TCP Chorusing in the Windows 9x TCP/IP Stack
Abstract
Microsoft Windows 95 and 98 clients have the capability to bind multiple
TCP/IP stacks to the same MAC address, simply by having the protocol added
more than once in the Network control panel. This is actually quite useful,
except for the fact that these stacks can run concurrently on the same IP,
even if they receive their IP through BOOTP/DHCP. The effect of the bug is
to cause the number of ACKnowledgement packets sent to be equal to that of
the number of loaded and bound TCP/IP stacks, creating excessive and
significant network noise and collisions. At least one Samba 2.0.0beta1
server on an affected subnet can become completely inaccessible when one of
these machines start misbehaving.
Redundant ACKing can be referred to as TCP Chorusing, due to the minor time
delays introduced between multiple copies of identical data. The problem is
undetectable using the Ping command built into Windows 95 or 98–this is a
significant bug in and of itself. Linux´s ping is not similarly
crippled. NT does not detect TCP Chorusing with its Ping command.
Introduction: Discovery
A word of warning: This is the first edition of this document and there are
bound to be errors. My ego isn’t so fragile as to be bothered if I made a
misstatement of fact when writing this. Just tell me.
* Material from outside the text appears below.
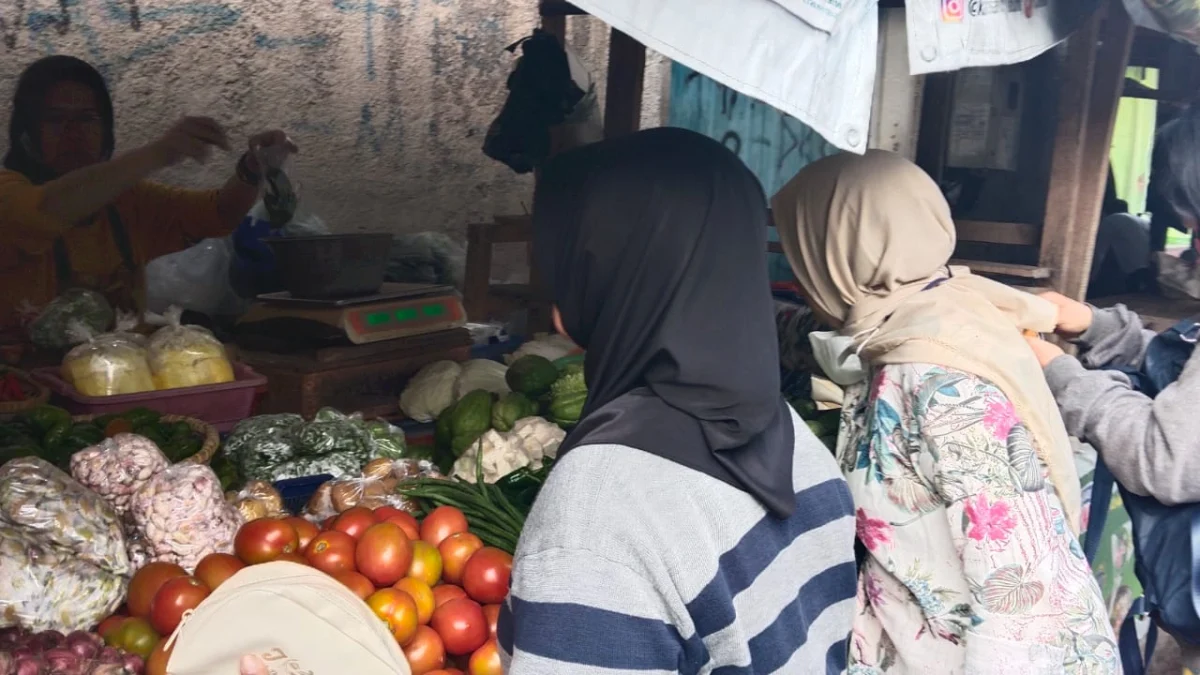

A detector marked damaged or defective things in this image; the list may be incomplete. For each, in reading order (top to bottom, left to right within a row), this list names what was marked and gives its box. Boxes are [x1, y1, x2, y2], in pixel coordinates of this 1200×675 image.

peeling painted wall [0, 0, 667, 278] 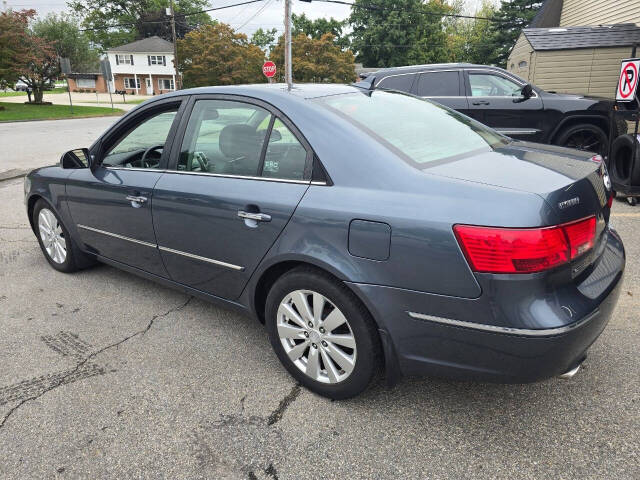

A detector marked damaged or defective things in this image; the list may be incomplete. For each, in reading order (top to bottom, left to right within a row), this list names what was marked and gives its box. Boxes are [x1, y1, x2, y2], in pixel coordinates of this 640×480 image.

crack in asphalt [0, 296, 192, 432]
crack in asphalt [268, 382, 302, 428]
My university possesses a generally excellent network, but on occasion
certain dorms would grind to a halt for no apparent reason. Seeking
answers, I used a windows platform pinger to see if there were correlations
between network downtimes and the presence of specific IP´s on a
specific subnet. We use essentially static IP´s distributed from a
DHCP server–a cookie seems to be assigned to a given MAC address on first
request for an IP, and all future IP´s are given on that IP. Nothing
out of the ordinary was found using the Windows pingers, so I decided
I´d automate the testing process over time using an excellent Linux
tool entitled fping. (In another environment, I might have merely shoved up
a sniffer, but the secure hubs and my lack of permission to modify them in
any way prevented that possibility.
Very quickly, I noticed some very strange entries in the fping
logs(IP´s changed):
10.0.9.42 : duplicate for [3], 84 bytes, 3.28 ms 10.0.9.73 : duplicate for [3], 84 bytes, 3.59 ms 10.0.10.33 : duplicate for [3], 84 bytes, 3.51 ms 10.0.10.99 : duplicate for [3], 84 bytes, 3.81 ms
I thought there might be a bug in fping, so I pinged the offending machines
from Windows 98:
C:\WINDOWS>ping -f 10.0.9.42 Pinging 10.0.9.42 with 32 bytes of data: Reply from 10.0.9.42: bytes=32 time=4ms TTL=126 Reply from 10.0.9.42: bytes=32 time=3ms TTL=126 Reply from 10.0.9.42: bytes=32 time=4ms TTL=126 Reply from 10.0.9.42: bytes=32 time=3ms TTL=126 Ping statistics for 10.0.9.42: Packets: Sent = 4, Received = 4, Lost = 0 (0% loss), Approximate round trip times in milli-seconds: Minimum = 3ms, Maximum = 4ms, Average = 3ms
Confusing, everything seemed normal from here. Then I tried the Linux ping
command.
effugas@doxpara:~> ping 10.0.9.42 PING 10.0.9.42 (10.0.9.42): 56 data bytes 64 bytes from 10.0.9.42: icmp_seq=0 ttl=127 time=3.5 ms 64 bytes from 10.0.9.42: icmp_seq=0 ttl=127 time=14.7 ms (DUP!) 64 bytes from 10.0.9.42: icmp_seq=1 ttl=127 time=6.2 ms 64 bytes from 10.0.9.42: icmp_seq=1 ttl=127 time=7.5 ms (DUP!) 64 bytes from 10.0.9.42: icmp_seq=2 ttl=127 time=3.3 ms 64 bytes from 10.0.9.42: icmp_seq=2 ttl=127 time=3.8 ms (DUP!) 64 bytes from 10.0.9.42: icmp_seq=3 ttl=127 time=15.0 ms 64 bytes from 10.0.9.42: icmp_seq=3 ttl=127 time=15.4 ms (DUP!) * 10.0.9.42 ping statistics ---4 packets transmitted, 4 packets received, +4 duplicates, 0% packet loss round-trip min/avg/max = 3.3/8.6/15.4 ms
This was disturbing, especially since there was a very high correlation
between subnets experiencing high collisions and slow networks and the
number of TCP-Chorusing machines on that subnet. What was causing this?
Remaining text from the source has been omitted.